Below are records; from the line containing "The print job" through the very last line, output each line exactly. No pictures.

Stored data entries:
__________

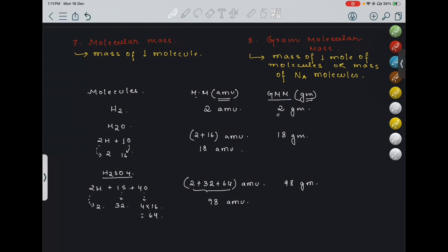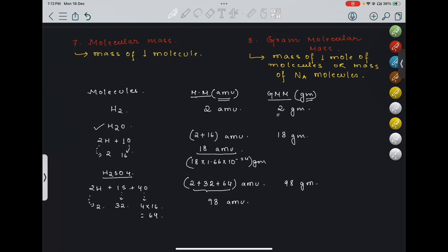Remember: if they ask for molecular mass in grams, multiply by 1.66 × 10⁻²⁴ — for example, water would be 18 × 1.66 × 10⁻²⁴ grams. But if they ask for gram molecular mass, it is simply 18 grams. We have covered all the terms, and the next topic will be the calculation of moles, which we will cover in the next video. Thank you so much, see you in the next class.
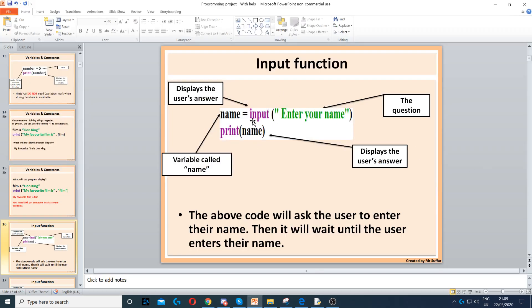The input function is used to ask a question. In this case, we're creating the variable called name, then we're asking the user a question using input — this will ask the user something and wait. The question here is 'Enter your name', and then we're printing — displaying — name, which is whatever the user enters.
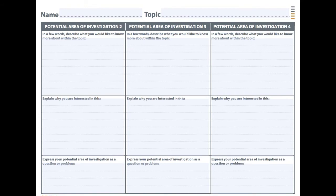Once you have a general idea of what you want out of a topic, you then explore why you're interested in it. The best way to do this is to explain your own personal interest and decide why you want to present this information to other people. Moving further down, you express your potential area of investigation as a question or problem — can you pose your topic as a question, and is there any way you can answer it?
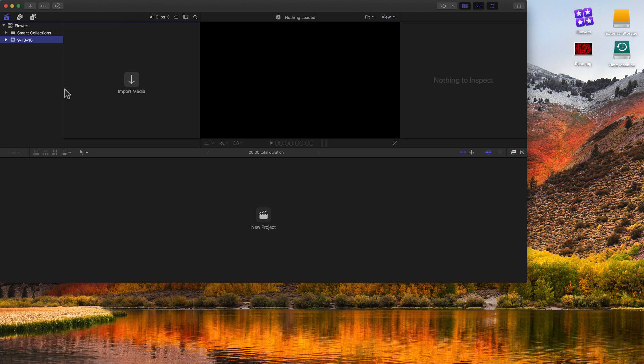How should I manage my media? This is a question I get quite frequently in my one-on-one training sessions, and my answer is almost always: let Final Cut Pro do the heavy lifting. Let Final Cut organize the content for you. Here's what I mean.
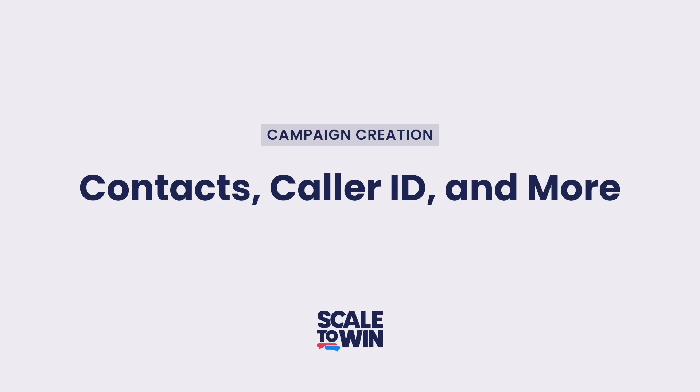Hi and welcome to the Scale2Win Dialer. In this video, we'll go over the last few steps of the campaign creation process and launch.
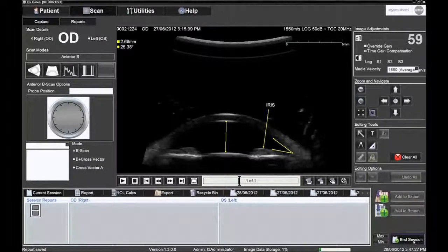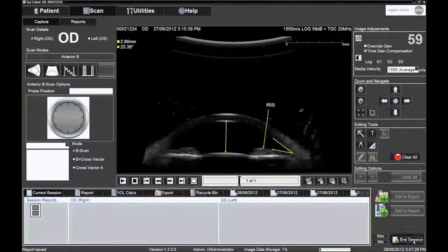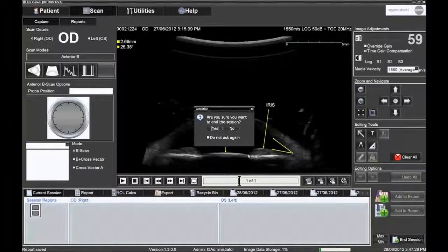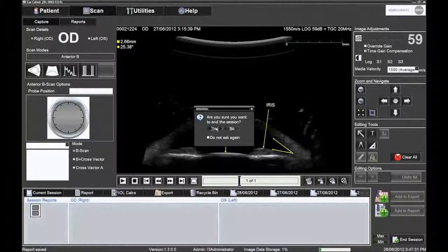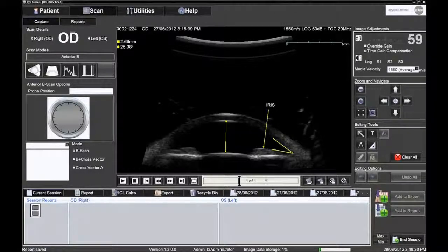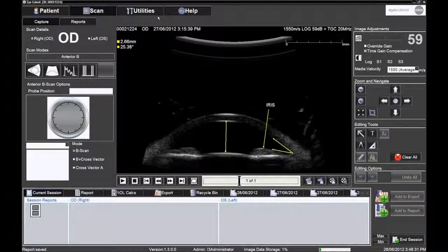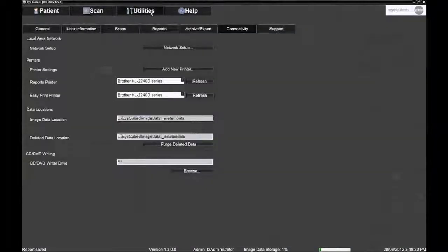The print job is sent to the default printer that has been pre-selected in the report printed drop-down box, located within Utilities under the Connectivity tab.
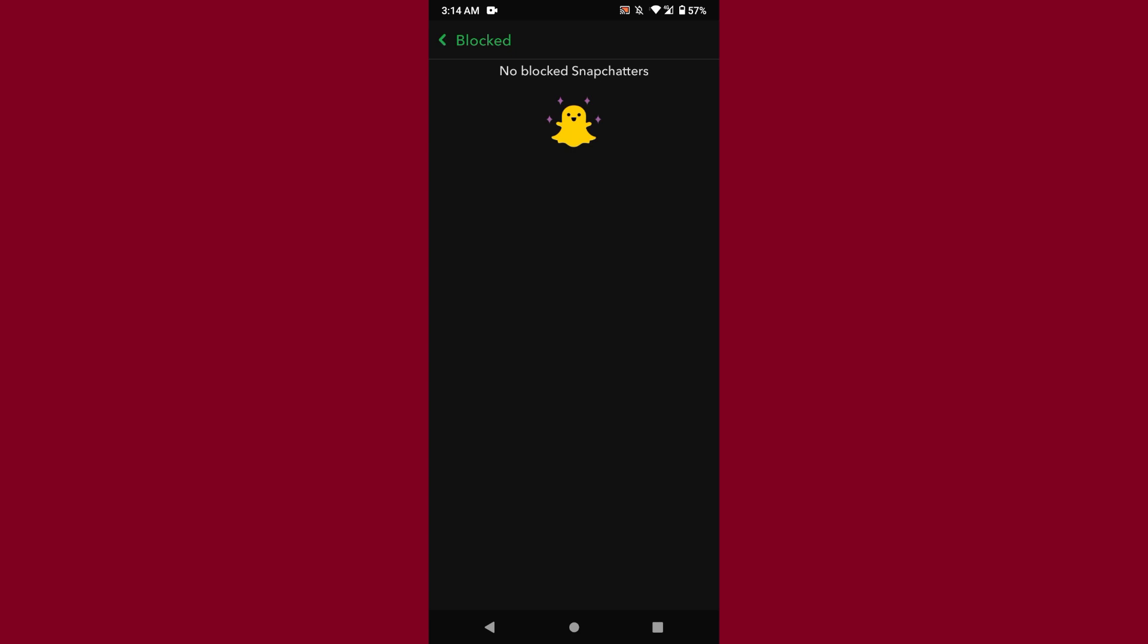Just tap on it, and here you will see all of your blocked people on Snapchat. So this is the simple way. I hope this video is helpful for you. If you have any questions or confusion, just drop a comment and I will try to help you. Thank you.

__________

▶ [Output below]:
The print job is sent to the default printer that has been pre-selected in the report printed drop-down box, located within Utilities under the Connectivity tab.
Just tap on it, and here you will see all of your blocked people on Snapchat. So this is the simple way. I hope this video is helpful for you. If you have any questions or confusion, just drop a comment and I will try to help you. Thank you.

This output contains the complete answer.